■ Directions for this task
Go through the data line by line. Copy each one holding the string "view".

■ Data
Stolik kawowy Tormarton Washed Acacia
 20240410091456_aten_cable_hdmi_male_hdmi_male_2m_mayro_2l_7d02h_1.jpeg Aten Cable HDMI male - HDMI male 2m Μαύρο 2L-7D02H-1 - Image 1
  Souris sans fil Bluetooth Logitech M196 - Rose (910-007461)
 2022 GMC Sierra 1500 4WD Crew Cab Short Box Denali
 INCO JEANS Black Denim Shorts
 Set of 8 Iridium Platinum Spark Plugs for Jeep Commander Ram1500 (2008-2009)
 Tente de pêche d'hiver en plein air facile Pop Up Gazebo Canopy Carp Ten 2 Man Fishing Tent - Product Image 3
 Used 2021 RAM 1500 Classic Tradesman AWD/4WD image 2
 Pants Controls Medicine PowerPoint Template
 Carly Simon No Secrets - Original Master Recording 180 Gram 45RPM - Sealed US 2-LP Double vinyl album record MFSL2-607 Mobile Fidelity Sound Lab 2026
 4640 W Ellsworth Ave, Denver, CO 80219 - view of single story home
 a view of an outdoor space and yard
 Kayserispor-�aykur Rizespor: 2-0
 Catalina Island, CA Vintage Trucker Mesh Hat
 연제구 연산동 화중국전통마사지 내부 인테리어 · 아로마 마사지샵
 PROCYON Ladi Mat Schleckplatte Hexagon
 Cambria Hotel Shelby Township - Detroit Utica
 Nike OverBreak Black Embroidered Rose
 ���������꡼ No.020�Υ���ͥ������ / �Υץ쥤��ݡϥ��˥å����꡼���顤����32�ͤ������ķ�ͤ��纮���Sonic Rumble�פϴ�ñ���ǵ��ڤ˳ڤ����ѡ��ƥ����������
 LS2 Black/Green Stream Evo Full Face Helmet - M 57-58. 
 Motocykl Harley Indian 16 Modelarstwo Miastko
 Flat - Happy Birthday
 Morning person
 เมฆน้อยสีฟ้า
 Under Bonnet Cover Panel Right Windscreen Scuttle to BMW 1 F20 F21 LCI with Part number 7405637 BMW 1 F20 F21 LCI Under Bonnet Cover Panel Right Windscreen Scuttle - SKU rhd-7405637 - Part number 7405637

■ Finished exercise
 4640 W Ellsworth Ave, Denver, CO 80219 - view of single story home
 a view of an outdoor space and yard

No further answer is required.